Outside, a sign reads “Out of space? Own a private storage unit.”

Just plop down $35,000 to own a 14-foot-by-36-foot garage.

The 276-foot-long building is proof that RV condominiums have arrived in Snohomish County.

“People continue to buy toys and have no place to put them,” said the builder, Dave Johnson of DB Johnson Construction. “There is a market.”

RVs, boats and ATVs can clutter a driveway on suburban postage-stamp lots, annoying neighbors, Johnson said.

He’s even applied to build another 3,000-square-foot garage on the same land.

“I don’ t believe there’s a trend; I don’t believe anybody is doing them besides us,” Johnson said.

Even so, Snohomish County officials feared such huge buildings were becoming a trend, taking advantage of what they called a loophole in county rules.

That perceived loophole was closed Wednesday by the County Council, which adopted emergency rules to bring scrutiny to garages larger than 1,800 square feet – about the size of a six-car garage.

Last week, county rules allowed garages to be built on residential property without standards, county chief planning officer Linda Kuller said.

It was a nod to rural Snohomish County land where garages were often built before a house, Kuller said. Big corrugated steel buildings have become part of the bucolic landscape in the rural county.

“There were no limits or standards on the size,” she said. Twelve garages larger than 4,000 square feet were built under county rules last year; four of them were larger than 9,000 square feet.

In 1995, the county approved 193 garages larger than 1,000 square feet; last year, there were 251.

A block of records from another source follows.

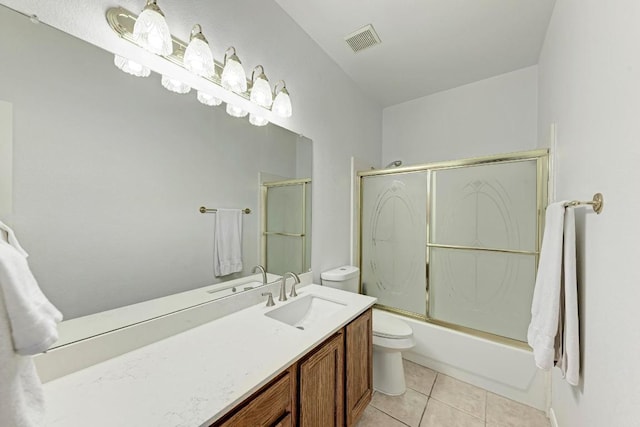 full bathroom featuring tile patterned floors, visible vents, toilet, shower / bath combination with glass door, and vanity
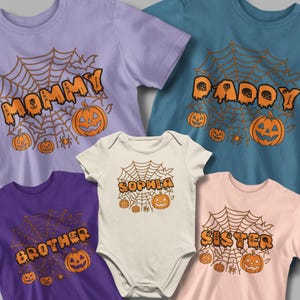 Pode incluir: Uma coleção de camisetas e um body com tema de Halloween em várias cores. Cada camisa apresenta um design de teia de aranha com as palavras "Mommy", "Daddy", "Brother" e "Sister", junto com abóboras. O body diz "Sophia".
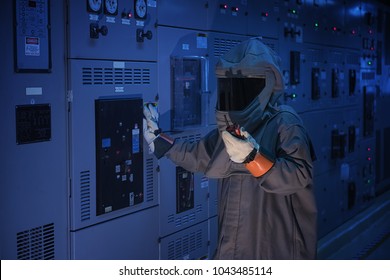 Engineer wear a arc flash protection suit for inspection electrical current 
 and checking status switch gear electrical energy distribution substation. - Shutterstock ID 1043485114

Builders face restrictions if they want to build storage units, but not so with garages, Kuller said. Once builders figured that out, they reapplied to build garages.

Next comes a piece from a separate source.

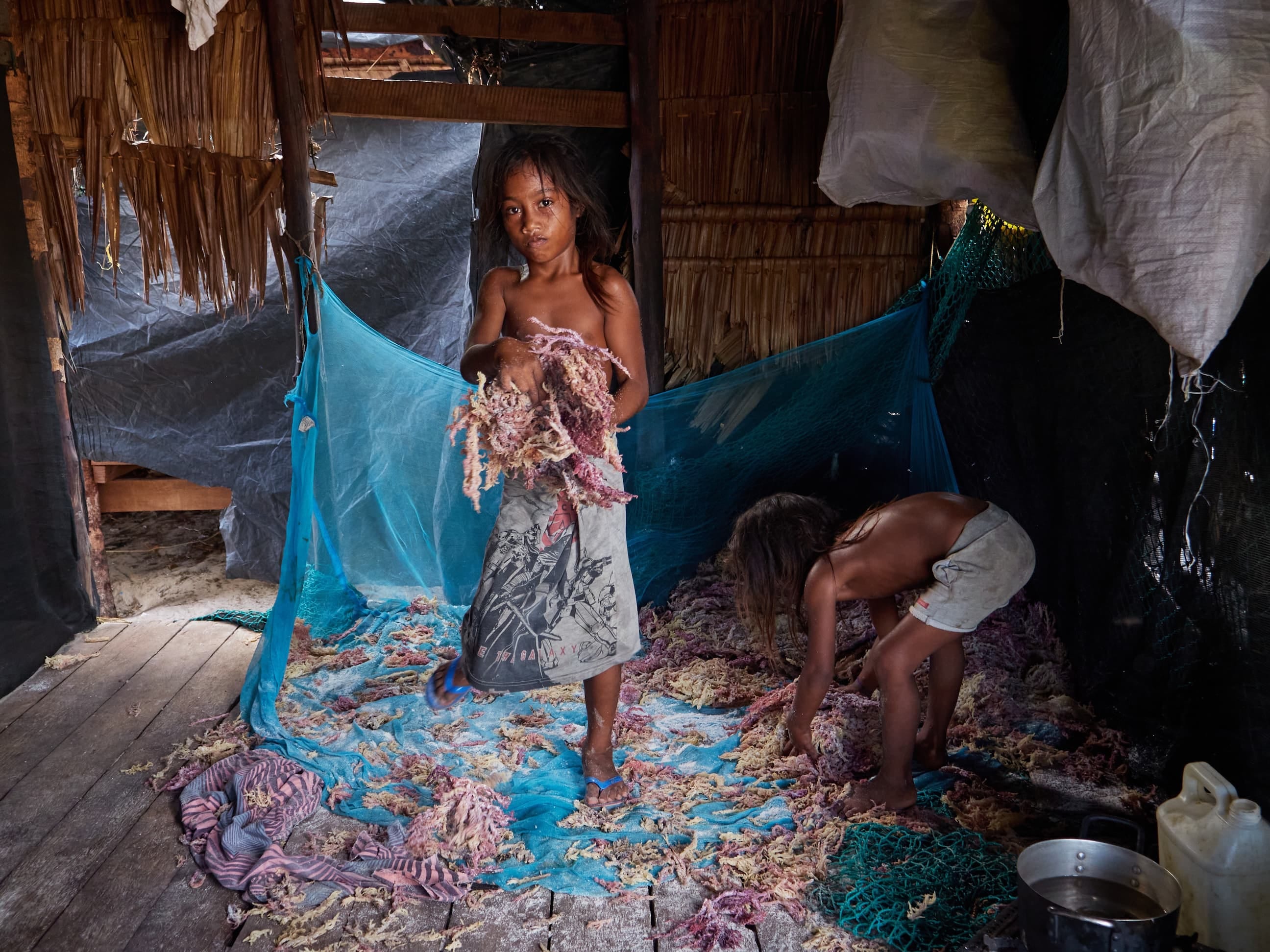 Roatasi helps her sister to pack dried seaweed for export in their extended family's home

“I don’t agree with the term ‘loophole,’” Johnson said. “These are simply allowable uses of properties.”

Johnson’s corrugated steel garage faces neighbor Rick Rice.

“This building is completely out of place in a residential neighborhood,” Rice said. “I’m a victim of greed.”

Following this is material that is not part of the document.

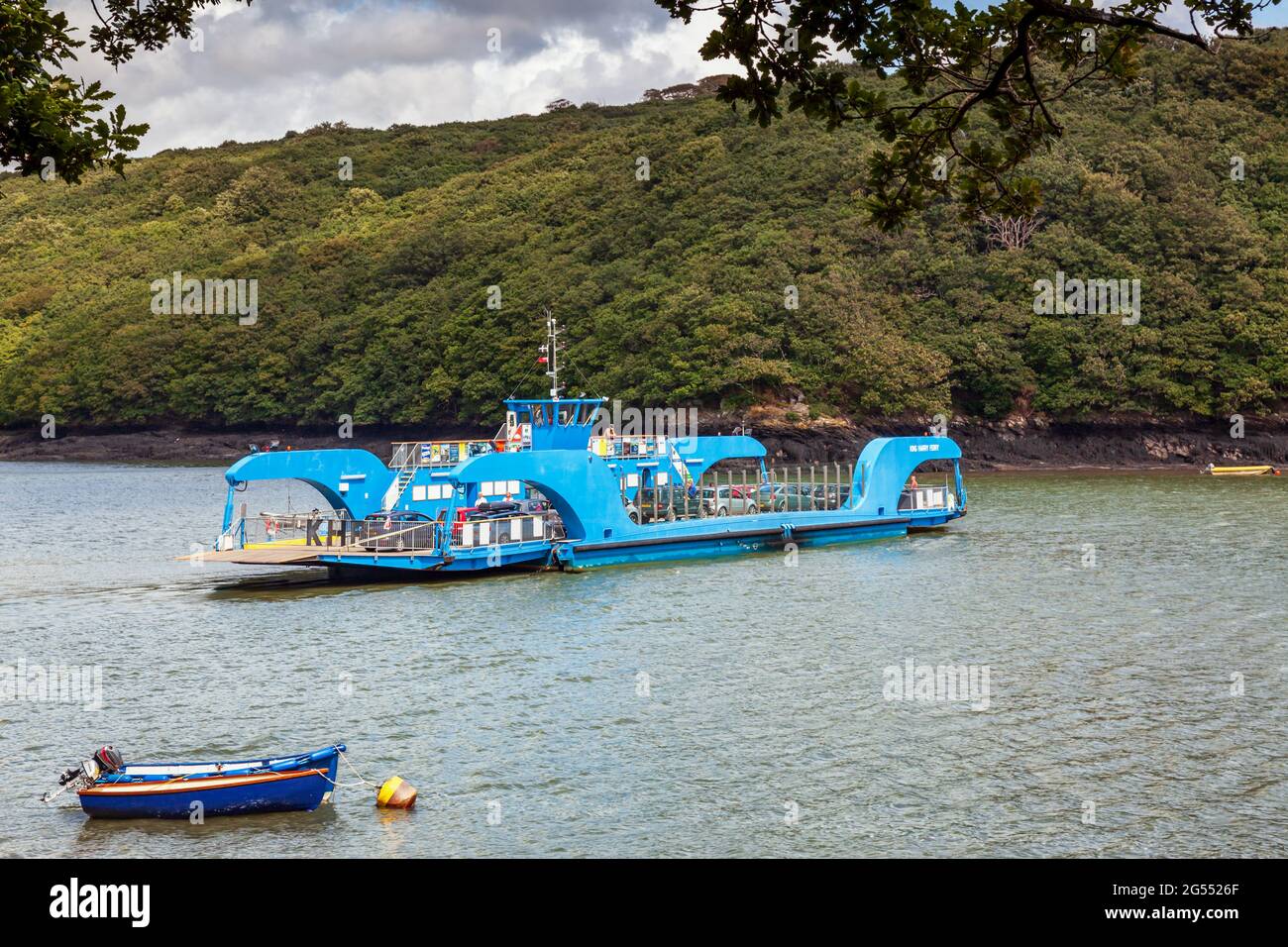 The King Harry Chain Ferry connects St Mawes and the Roseland Peninsula with Feock across the River Fal in Cornwall. Stock Photo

There was no warning the building was going up, Rice said. Rice objects to the large garage next to his house because he feels it’s a commercial activity in a neighborhood.

Johnson also built a four-garage RV condo near Lake Goodwin in 2004, and three of the bays sold for more than $30,000 each.

One of the garages went to Ray Mueller of Stanwood, who spent $31,500 for a 36-foot-long space. He intended it for an RV, but now it holds his 20-foot ski boat.

“It’s safe, it’s clean, it’s ours,” said Mueller, general manager of the Camano Island Windermere. “We’re gaining equity instead of just renting.”

The state Condominium Act allows buildings to be sold in pieces, and has been used for hangars at Paine Field, marinas and now RV garages.

Interim county rules are barred from singling out condos for special rules, so they instead attempt to impose building standards on big garages in general.

Final rules will follow public meetings with developers.

The county’s effort to restrict these kinds of buildings interferes with the market that has emerged to solve people’s space needs, Johnson said.

“It’ll put a stop to a lot of people’s business, and it’s cutting into ours and other people’s property rights,” Johnson said.